If you followed the control panel build you know I am using JST series XH connectors to connect the panel to its respective track module. XH are crimp style connectors. Very small crimp connectors. The illustration below shows just how small. The dimensions are millimeter. The total wire crimp length is only 2mm. 1mm for the insulation and 1mm for the bare wire. Not much room for error during assembly.

I have never been a fan of crimp connectors. Rarely do I use them and when I do it is usually in a noncritical application. But since I have over a thousand connections awaiting me and the terminals are crimp by design, I decided to give crimp a try. I bought a ratcheting crimp tool that is advertised as suitable for XH and a few other size JST connectors.

I have to say, I don’t care for these pliers. While they do work, I found it challenging to get consistent results. Specifically, getting the wire depth correct. The 1mm stripped wire must be exactly in the right place otherwise if too deep the header pin bottoms out on the wire, if too shallow the crimp doesn’t catch the insulation well. The jaws block sight of the wire positioning. It is a judgement game of how deep to insert the wire. That and the fact the pliers are big and bulky for working with such tiny contacts makes them that much less fun to use. After messing around for a while making test crimps, many of which failed, I finally said screw this. I’m resorting to my old ways. Something I know well – soldering.

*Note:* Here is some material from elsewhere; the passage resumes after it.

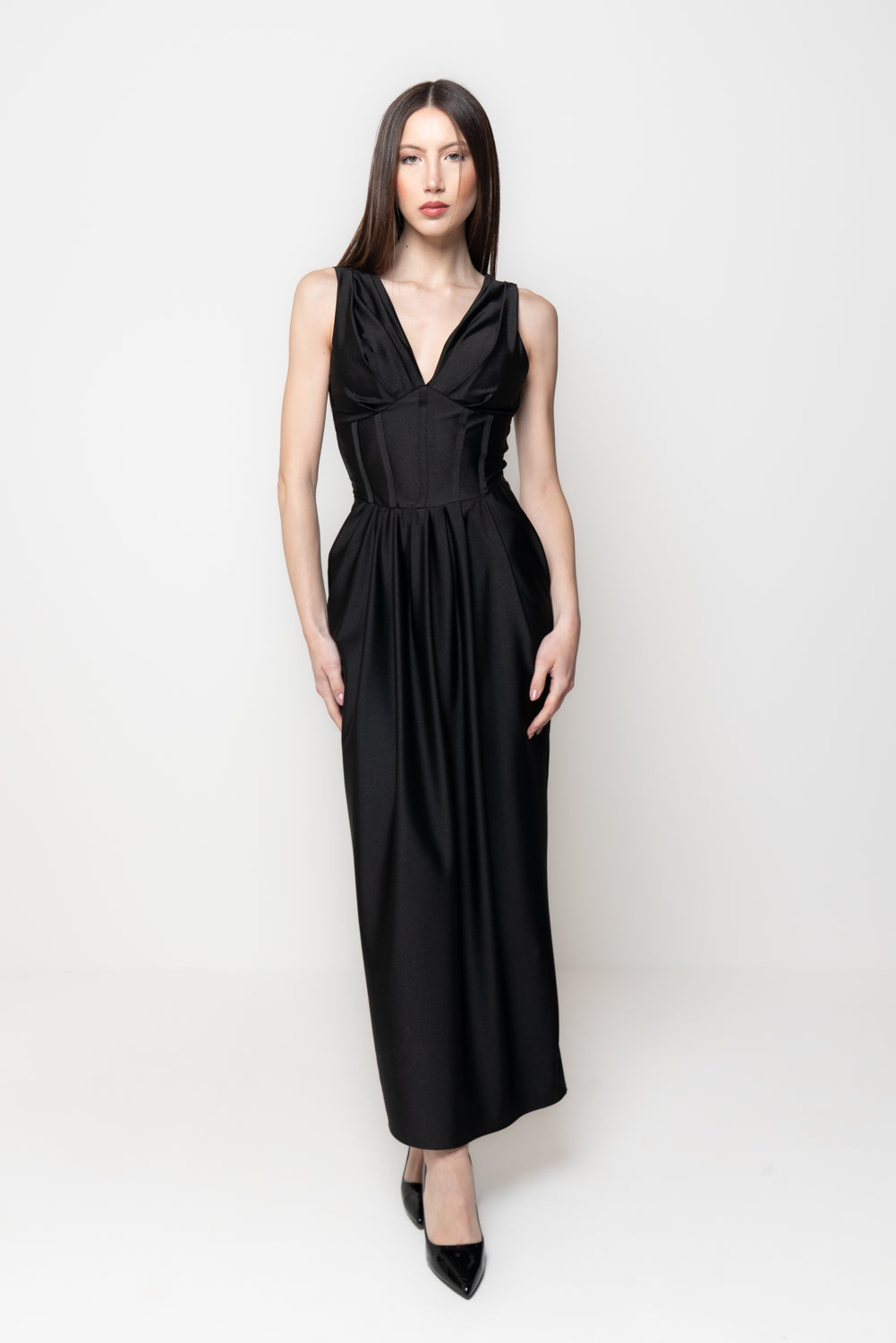 Abito Lungo Elegante con Bustier Strutturato Immagine principale del prodotto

Soldering crimp connectors is generally not a good idea. Electrically it is fine, mechanically it is not. Over time the conductor can have a tendency to break at the end of the contact if the wires are subject to vibration or frequent handling. Fortunately, my panel wires will not be subjected to either so soldering crimp contacts works fine in my application. Plus, I think I can retain the insulation crimp feature even though the contacts will be soldered. This work calls for the OptiVISOR!

With full view of the contact it is no sweat to get the wire in the proper place and the solder in just the right spot. The one modification made to the contact is cutting the insulation crimp wings to one half length. A proper crimp of a XH contact rolls the wings twice over themselves. I’ll be manually crimping the wings in a typical fold over so shorter wings are needed.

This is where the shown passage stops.